- **EXERCISE DETAILS**
All of the data should be repeated exactly; pictures are not part of the copy.
MATERIAL FOR THE TASK Start Marker
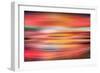 Sunrise-Ursula Abresch-Framed Photographic Print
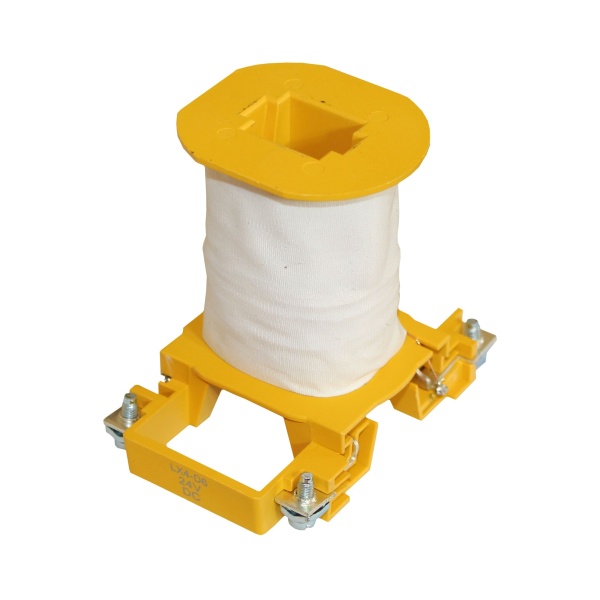 Котушка керування для КММп 25А-32А 24B DC TNSy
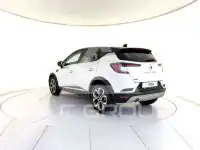 2020 Renault Captur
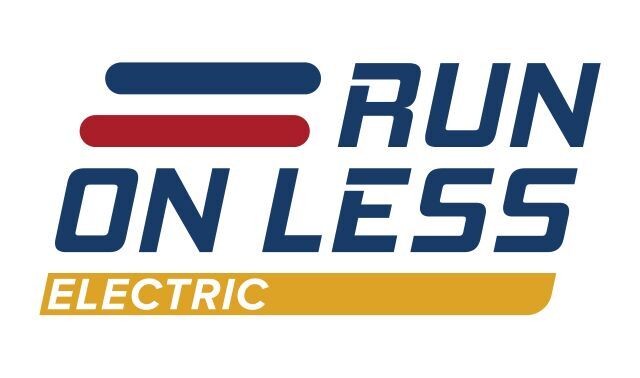 Run on Less – Electric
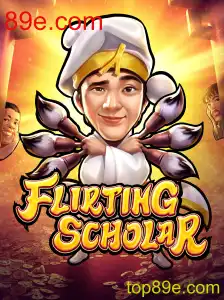 Descubra Flirting Scholar: O Fascinante Mundo do Jogo Inspirado na Cultura Oriental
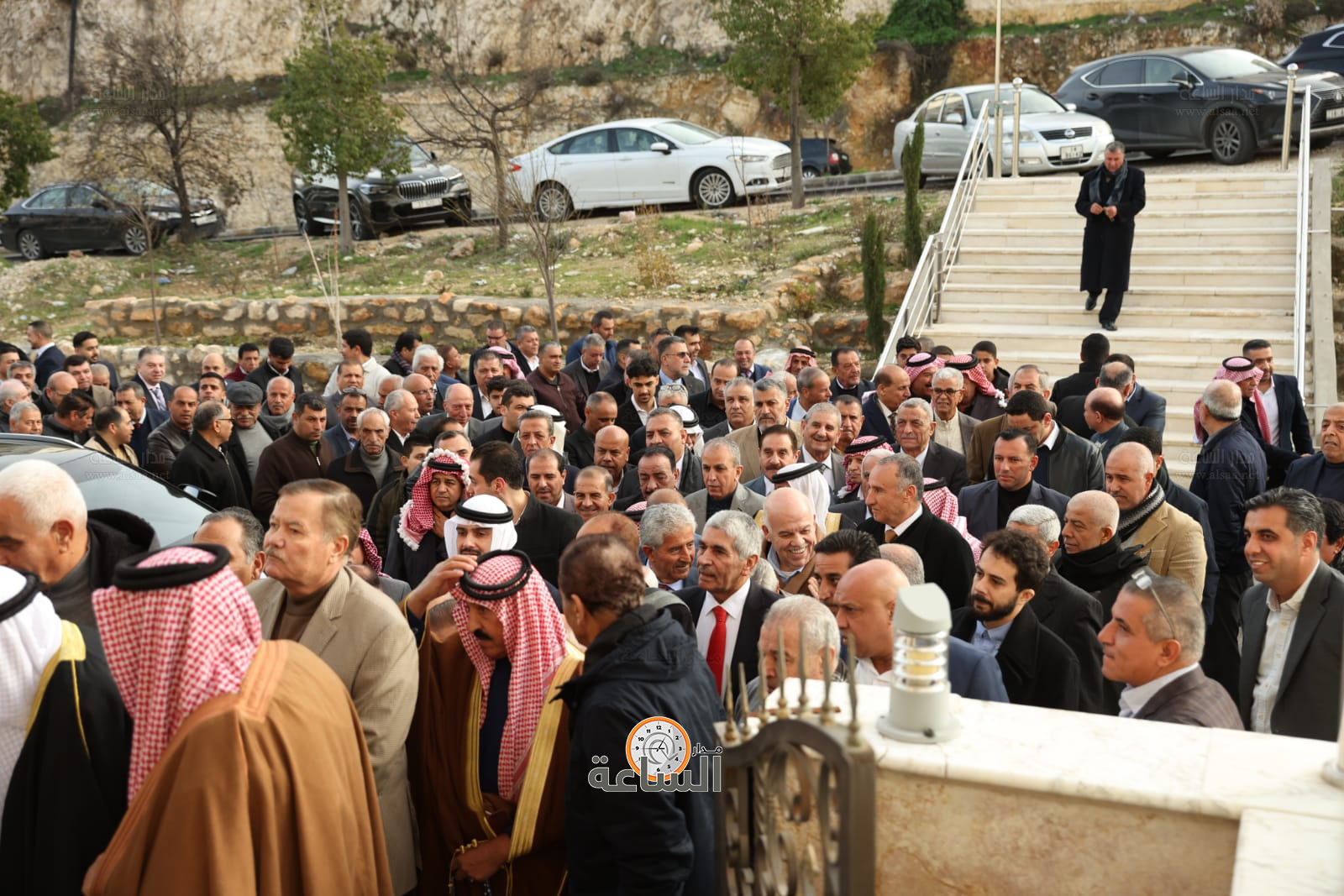 Madar Al-Saa Images 0.42010470046014503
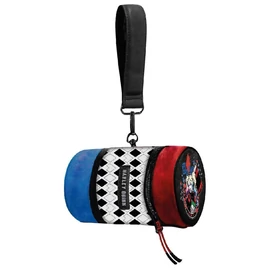 DC Comics Harley Quinn utazó neszesszer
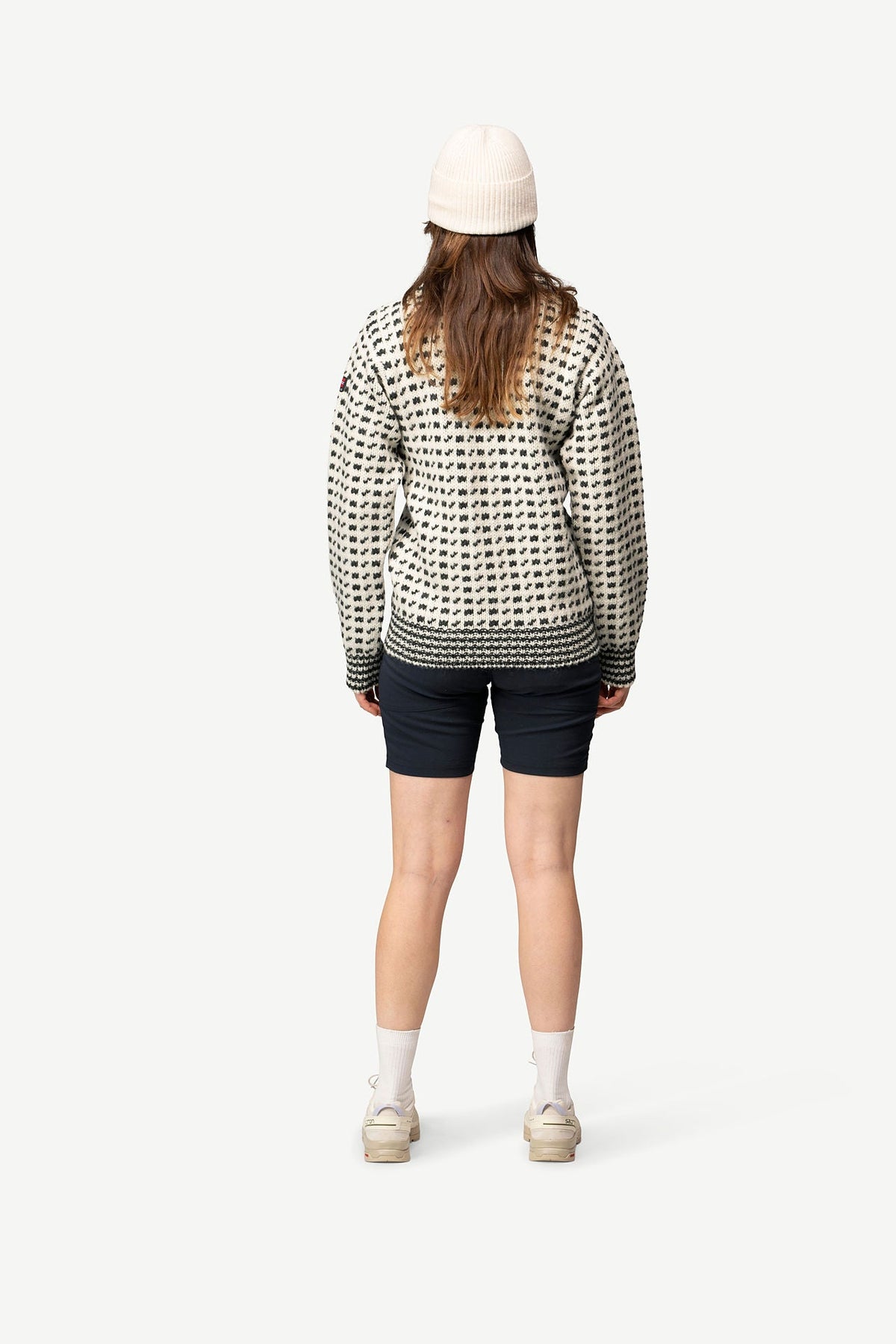 Devold ORIGINAL ISLAND WOOL SWEATER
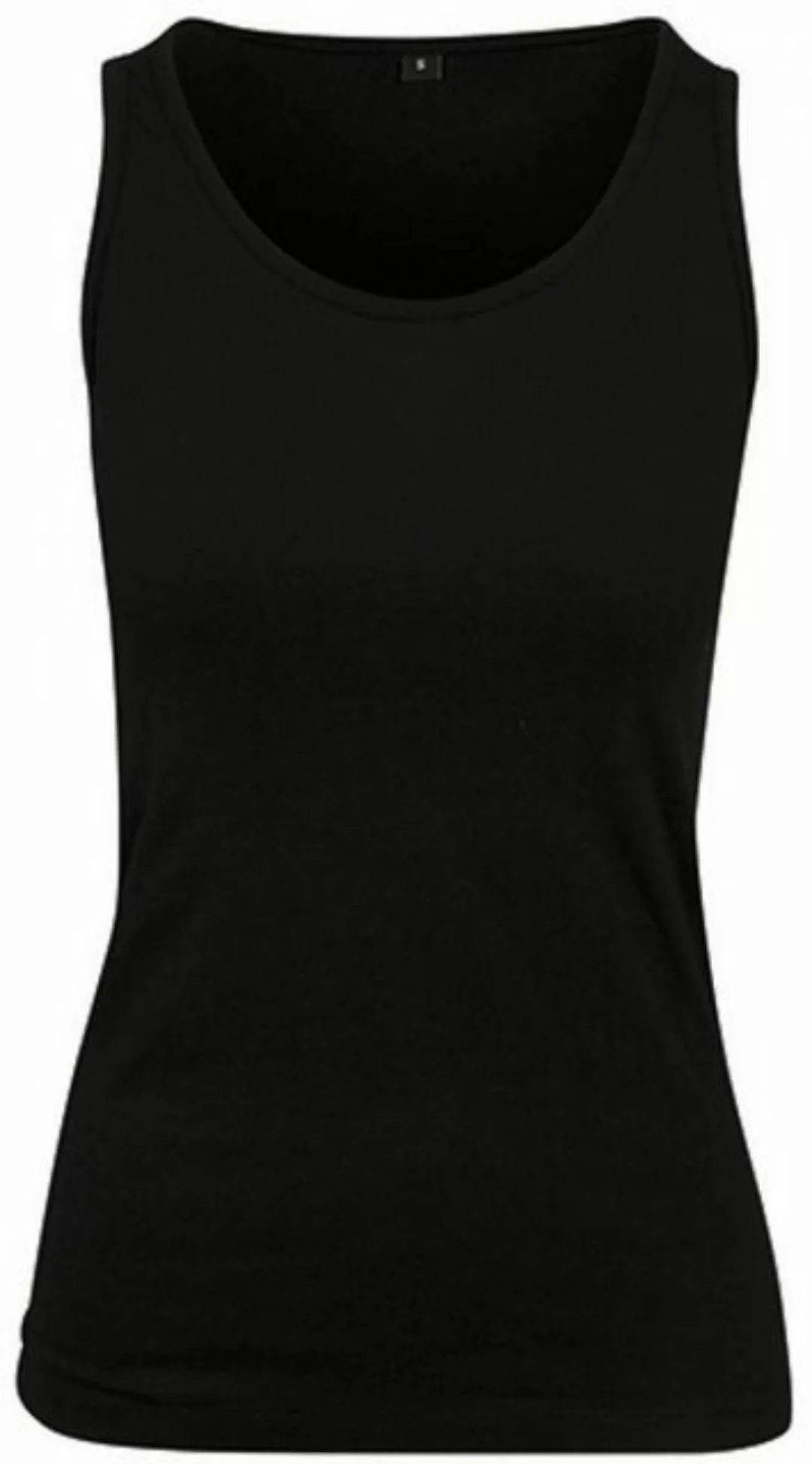 Build Your Brand Tanktop Damen Top - Ladies Merch Top günstig online kaufen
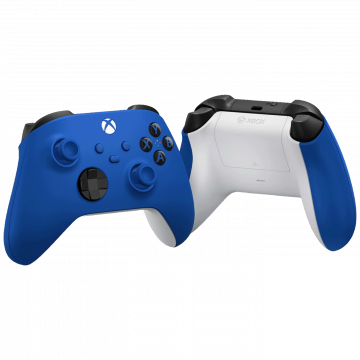 XBox Bežični kontroler za Xbox Series - Wireless Controller Shock Blue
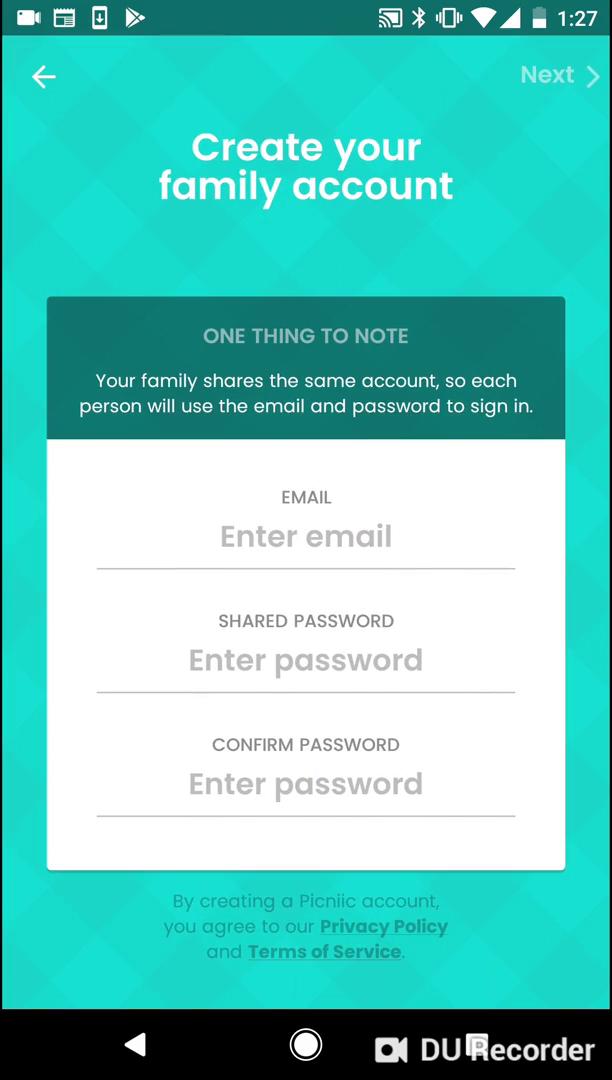 Onboarding on Picniic video thumbnail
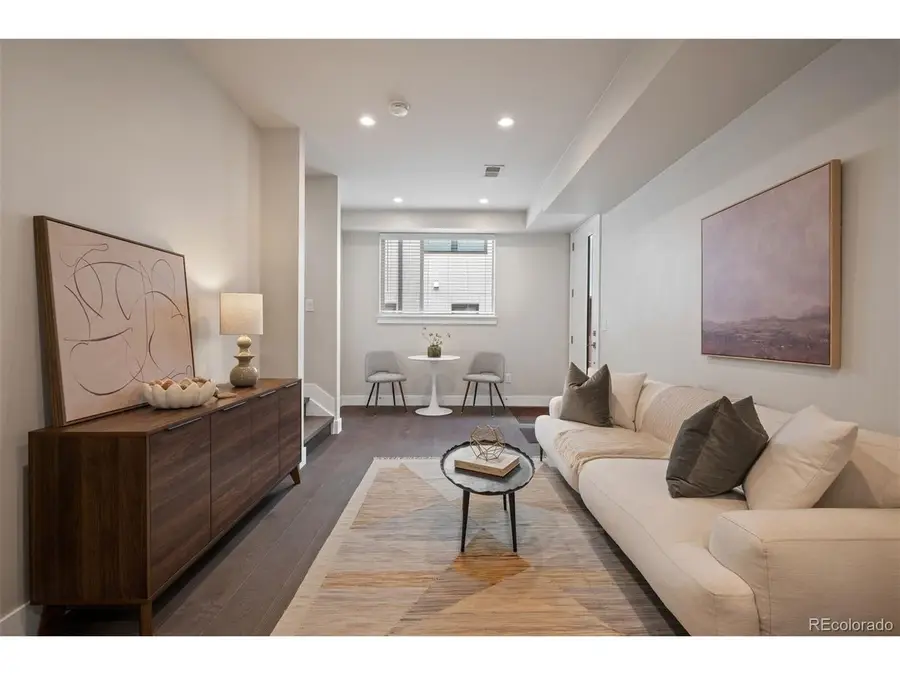 409 Harrison St #2, Denver, CO 80206 - #3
MATERIAL FOR THE TASK End Marker
- **RESPONSE FOR THIS EXERCISE**
 Sunrise-Ursula Abresch-Framed Photographic Print
 Котушка керування для КММп 25А-32А 24B DC TNSy
 2020 Renault Captur
 Run on Less – Electric
 Descubra Flirting Scholar: O Fascinante Mundo do Jogo Inspirado na Cultura Oriental
 Madar Al-Saa Images 0.42010470046014503
 DC Comics Harley Quinn utazó neszesszer
 Devold ORIGINAL ISLAND WOOL SWEATER
 Build Your Brand Tanktop Damen Top - Ladies Merch Top günstig online kaufen
 XBox Bežični kontroler za Xbox Series - Wireless Controller Shock Blue
 Onboarding on Picniic video thumbnail
 409 Harrison St #2, Denver, CO 80206 - #3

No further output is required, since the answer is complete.